Task statement: A complete and exact copy of the data below is required.

Short descriptive text snippets:
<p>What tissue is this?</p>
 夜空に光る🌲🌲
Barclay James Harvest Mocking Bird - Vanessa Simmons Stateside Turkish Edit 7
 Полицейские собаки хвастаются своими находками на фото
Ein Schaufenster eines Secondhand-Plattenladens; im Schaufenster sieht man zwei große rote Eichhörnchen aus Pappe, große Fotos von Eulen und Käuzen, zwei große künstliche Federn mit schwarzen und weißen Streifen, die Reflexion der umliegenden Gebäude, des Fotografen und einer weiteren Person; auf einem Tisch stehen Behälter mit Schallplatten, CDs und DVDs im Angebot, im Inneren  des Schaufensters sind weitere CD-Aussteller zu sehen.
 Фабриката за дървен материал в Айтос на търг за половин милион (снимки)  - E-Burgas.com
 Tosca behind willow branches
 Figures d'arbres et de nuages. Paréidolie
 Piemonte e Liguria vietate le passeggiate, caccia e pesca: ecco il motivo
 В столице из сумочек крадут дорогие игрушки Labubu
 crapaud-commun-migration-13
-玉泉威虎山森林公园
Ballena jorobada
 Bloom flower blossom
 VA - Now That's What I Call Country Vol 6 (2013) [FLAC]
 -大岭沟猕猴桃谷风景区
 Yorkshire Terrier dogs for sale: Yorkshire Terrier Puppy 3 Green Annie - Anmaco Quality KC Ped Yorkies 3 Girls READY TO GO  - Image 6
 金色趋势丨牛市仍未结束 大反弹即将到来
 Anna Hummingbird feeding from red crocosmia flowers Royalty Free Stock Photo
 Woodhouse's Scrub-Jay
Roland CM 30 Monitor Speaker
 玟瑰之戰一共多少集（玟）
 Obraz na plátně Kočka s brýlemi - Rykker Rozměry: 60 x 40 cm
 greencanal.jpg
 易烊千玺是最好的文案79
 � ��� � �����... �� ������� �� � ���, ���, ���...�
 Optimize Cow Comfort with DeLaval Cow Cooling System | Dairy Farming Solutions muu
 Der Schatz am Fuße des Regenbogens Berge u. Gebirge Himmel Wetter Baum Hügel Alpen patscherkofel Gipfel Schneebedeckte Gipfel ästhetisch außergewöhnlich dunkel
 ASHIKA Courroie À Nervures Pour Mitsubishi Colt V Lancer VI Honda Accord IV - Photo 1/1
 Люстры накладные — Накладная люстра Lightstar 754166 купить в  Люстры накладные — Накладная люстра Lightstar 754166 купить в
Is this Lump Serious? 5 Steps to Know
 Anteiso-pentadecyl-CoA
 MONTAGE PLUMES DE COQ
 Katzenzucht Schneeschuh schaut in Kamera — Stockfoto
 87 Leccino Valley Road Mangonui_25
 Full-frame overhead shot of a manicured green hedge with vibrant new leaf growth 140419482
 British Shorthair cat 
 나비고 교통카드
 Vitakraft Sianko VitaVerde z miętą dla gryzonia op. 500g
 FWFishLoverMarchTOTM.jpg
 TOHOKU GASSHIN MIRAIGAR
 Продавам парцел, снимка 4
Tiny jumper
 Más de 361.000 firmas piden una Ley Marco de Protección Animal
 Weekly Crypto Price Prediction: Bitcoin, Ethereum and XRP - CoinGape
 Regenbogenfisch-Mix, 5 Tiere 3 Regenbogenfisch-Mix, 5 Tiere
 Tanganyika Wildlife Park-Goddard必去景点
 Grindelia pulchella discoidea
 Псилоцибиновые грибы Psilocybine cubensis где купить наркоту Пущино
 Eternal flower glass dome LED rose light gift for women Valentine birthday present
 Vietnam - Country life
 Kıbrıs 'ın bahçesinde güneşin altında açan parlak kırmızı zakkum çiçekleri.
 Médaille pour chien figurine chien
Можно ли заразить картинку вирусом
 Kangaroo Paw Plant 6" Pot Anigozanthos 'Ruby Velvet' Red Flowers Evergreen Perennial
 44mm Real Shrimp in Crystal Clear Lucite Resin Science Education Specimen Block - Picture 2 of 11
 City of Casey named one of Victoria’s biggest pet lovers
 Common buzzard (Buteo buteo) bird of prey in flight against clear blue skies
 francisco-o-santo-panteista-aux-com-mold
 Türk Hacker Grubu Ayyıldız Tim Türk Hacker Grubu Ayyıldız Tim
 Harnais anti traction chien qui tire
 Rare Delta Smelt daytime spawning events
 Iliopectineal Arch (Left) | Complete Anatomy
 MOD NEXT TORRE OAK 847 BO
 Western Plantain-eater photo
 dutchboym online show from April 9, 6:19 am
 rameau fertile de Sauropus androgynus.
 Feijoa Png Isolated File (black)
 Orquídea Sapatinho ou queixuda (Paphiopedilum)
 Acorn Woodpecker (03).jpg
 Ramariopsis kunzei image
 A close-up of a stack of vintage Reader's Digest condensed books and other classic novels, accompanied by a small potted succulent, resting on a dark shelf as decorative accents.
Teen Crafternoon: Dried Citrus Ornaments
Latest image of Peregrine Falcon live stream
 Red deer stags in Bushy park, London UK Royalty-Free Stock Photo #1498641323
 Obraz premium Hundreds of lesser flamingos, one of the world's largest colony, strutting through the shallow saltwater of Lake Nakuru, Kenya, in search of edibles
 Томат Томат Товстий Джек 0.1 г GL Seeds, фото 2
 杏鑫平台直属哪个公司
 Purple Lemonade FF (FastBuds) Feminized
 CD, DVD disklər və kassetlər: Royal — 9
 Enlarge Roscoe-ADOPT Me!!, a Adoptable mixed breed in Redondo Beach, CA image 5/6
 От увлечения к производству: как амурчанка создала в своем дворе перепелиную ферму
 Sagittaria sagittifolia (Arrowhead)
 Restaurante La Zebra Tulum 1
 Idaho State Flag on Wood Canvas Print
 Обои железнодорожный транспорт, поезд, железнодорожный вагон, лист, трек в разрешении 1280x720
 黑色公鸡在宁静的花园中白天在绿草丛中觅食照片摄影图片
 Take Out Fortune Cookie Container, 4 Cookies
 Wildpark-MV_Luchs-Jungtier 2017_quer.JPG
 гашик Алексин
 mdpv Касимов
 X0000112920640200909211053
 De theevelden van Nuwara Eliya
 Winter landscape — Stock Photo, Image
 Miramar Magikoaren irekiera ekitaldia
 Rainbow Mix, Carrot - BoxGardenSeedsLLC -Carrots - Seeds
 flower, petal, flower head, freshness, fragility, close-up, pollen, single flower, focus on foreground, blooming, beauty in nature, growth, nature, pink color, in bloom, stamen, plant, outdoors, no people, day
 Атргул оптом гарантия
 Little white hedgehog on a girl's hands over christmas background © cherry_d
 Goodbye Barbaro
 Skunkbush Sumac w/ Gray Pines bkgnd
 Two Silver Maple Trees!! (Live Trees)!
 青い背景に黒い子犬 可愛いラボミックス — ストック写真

Result for this task:
<p>What tissue is this?</p>
 夜空に光る🌲🌲
Barclay James Harvest Mocking Bird - Vanessa Simmons Stateside Turkish Edit 7
 Полицейские собаки хвастаются своими находками на фото
Ein Schaufenster eines Secondhand-Plattenladens; im Schaufenster sieht man zwei große rote Eichhörnchen aus Pappe, große Fotos von Eulen und Käuzen, zwei große künstliche Federn mit schwarzen und weißen Streifen, die Reflexion der umliegenden Gebäude, des Fotografen und einer weiteren Person; auf einem Tisch stehen Behälter mit Schallplatten, CDs und DVDs im Angebot, im Inneren  des Schaufensters sind weitere CD-Aussteller zu sehen.
 Фабриката за дървен материал в Айтос на търг за половин милион (снимки)  - E-Burgas.com
 Tosca behind willow branches
 Figures d'arbres et de nuages. Paréidolie
 Piemonte e Liguria vietate le passeggiate, caccia e pesca: ecco il motivo
 В столице из сумочек крадут дорогие игрушки Labubu
 crapaud-commun-migration-13
-玉泉威虎山森林公园
Ballena jorobada
 Bloom flower blossom
 VA - Now That's What I Call Country Vol 6 (2013) [FLAC]
 -大岭沟猕猴桃谷风景区
 Yorkshire Terrier dogs for sale: Yorkshire Terrier Puppy 3 Green Annie - Anmaco Quality KC Ped Yorkies 3 Girls READY TO GO  - Image 6
 金色趋势丨牛市仍未结束 大反弹即将到来
 Anna Hummingbird feeding from red crocosmia flowers Royalty Free Stock Photo
 Woodhouse's Scrub-Jay
Roland CM 30 Monitor Speaker
 玟瑰之戰一共多少集（玟）
 Obraz na plátně Kočka s brýlemi - Rykker Rozměry: 60 x 40 cm
 greencanal.jpg
 易烊千玺是最好的文案79
 � ��� � �����... �� ������� �� � ���, ���, ���...�
 Optimize Cow Comfort with DeLaval Cow Cooling System | Dairy Farming Solutions muu
 Der Schatz am Fuße des Regenbogens Berge u. Gebirge Himmel Wetter Baum Hügel Alpen patscherkofel Gipfel Schneebedeckte Gipfel ästhetisch außergewöhnlich dunkel
 ASHIKA Courroie À Nervures Pour Mitsubishi Colt V Lancer VI Honda Accord IV - Photo 1/1
 Люстры накладные — Накладная люстра Lightstar 754166 купить в  Люстры накладные — Накладная люстра Lightstar 754166 купить в
Is this Lump Serious? 5 Steps to Know
 Anteiso-pentadecyl-CoA
 MONTAGE PLUMES DE COQ
 Katzenzucht Schneeschuh schaut in Kamera — Stockfoto
 87 Leccino Valley Road Mangonui_25
 Full-frame overhead shot of a manicured green hedge with vibrant new leaf growth 140419482
 British Shorthair cat 
 나비고 교통카드
 Vitakraft Sianko VitaVerde z miętą dla gryzonia op. 500g
 FWFishLoverMarchTOTM.jpg
 TOHOKU GASSHIN MIRAIGAR
 Продавам парцел, снимка 4
Tiny jumper
 Más de 361.000 firmas piden una Ley Marco de Protección Animal
 Weekly Crypto Price Prediction: Bitcoin, Ethereum and XRP - CoinGape
 Regenbogenfisch-Mix, 5 Tiere 3 Regenbogenfisch-Mix, 5 Tiere
 Tanganyika Wildlife Park-Goddard必去景点
 Grindelia pulchella discoidea
 Псилоцибиновые грибы Psilocybine cubensis где купить наркоту Пущино
 Eternal flower glass dome LED rose light gift for women Valentine birthday present
 Vietnam - Country life
 Kıbrıs 'ın bahçesinde güneşin altında açan parlak kırmızı zakkum çiçekleri.
 Médaille pour chien figurine chien
Можно ли заразить картинку вирусом
 Kangaroo Paw Plant 6" Pot Anigozanthos 'Ruby Velvet' Red Flowers Evergreen Perennial
 44mm Real Shrimp in Crystal Clear Lucite Resin Science Education Specimen Block - Picture 2 of 11
 City of Casey named one of Victoria’s biggest pet lovers
 Common buzzard (Buteo buteo) bird of prey in flight against clear blue skies
 francisco-o-santo-panteista-aux-com-mold
 Türk Hacker Grubu Ayyıldız Tim Türk Hacker Grubu Ayyıldız Tim
 Harnais anti traction chien qui tire
 Rare Delta Smelt daytime spawning events
 Iliopectineal Arch (Left) | Complete Anatomy
 MOD NEXT TORRE OAK 847 BO
 Western Plantain-eater photo
 dutchboym online show from April 9, 6:19 am
 rameau fertile de Sauropus androgynus.
 Feijoa Png Isolated File (black)
 Orquídea Sapatinho ou queixuda (Paphiopedilum)
 Acorn Woodpecker (03).jpg
 Ramariopsis kunzei image
 A close-up of a stack of vintage Reader's Digest condensed books and other classic novels, accompanied by a small potted succulent, resting on a dark shelf as decorative accents.
Teen Crafternoon: Dried Citrus Ornaments
Latest image of Peregrine Falcon live stream
 Red deer stags in Bushy park, London UK Royalty-Free Stock Photo #1498641323
 Obraz premium Hundreds of lesser flamingos, one of the world's largest colony, strutting through the shallow saltwater of Lake Nakuru, Kenya, in search of edibles
 Томат Томат Товстий Джек 0.1 г GL Seeds, фото 2
 杏鑫平台直属哪个公司
 Purple Lemonade FF (FastBuds) Feminized
 CD, DVD disklər və kassetlər: Royal — 9
 Enlarge Roscoe-ADOPT Me!!, a Adoptable mixed breed in Redondo Beach, CA image 5/6
 От увлечения к производству: как амурчанка создала в своем дворе перепелиную ферму
 Sagittaria sagittifolia (Arrowhead)
 Restaurante La Zebra Tulum 1
 Idaho State Flag on Wood Canvas Print
 Обои железнодорожный транспорт, поезд, железнодорожный вагон, лист, трек в разрешении 1280x720
 黑色公鸡在宁静的花园中白天在绿草丛中觅食照片摄影图片
 Take Out Fortune Cookie Container, 4 Cookies
 Wildpark-MV_Luchs-Jungtier 2017_quer.JPG
 гашик Алексин
 mdpv Касимов
 X0000112920640200909211053
 De theevelden van Nuwara Eliya
 Winter landscape — Stock Photo, Image
 Miramar Magikoaren irekiera ekitaldia
 Rainbow Mix, Carrot - BoxGardenSeedsLLC -Carrots - Seeds
 flower, petal, flower head, freshness, fragility, close-up, pollen, single flower, focus on foreground, blooming, beauty in nature, growth, nature, pink color, in bloom, stamen, plant, outdoors, no people, day
 Атргул оптом гарантия
 Little white hedgehog on a girl's hands over christmas background © cherry_d
 Goodbye Barbaro
 Skunkbush Sumac w/ Gray Pines bkgnd
 Two Silver Maple Trees!! (Live Trees)!
 青い背景に黒い子犬 可愛いラボミックス — ストック写真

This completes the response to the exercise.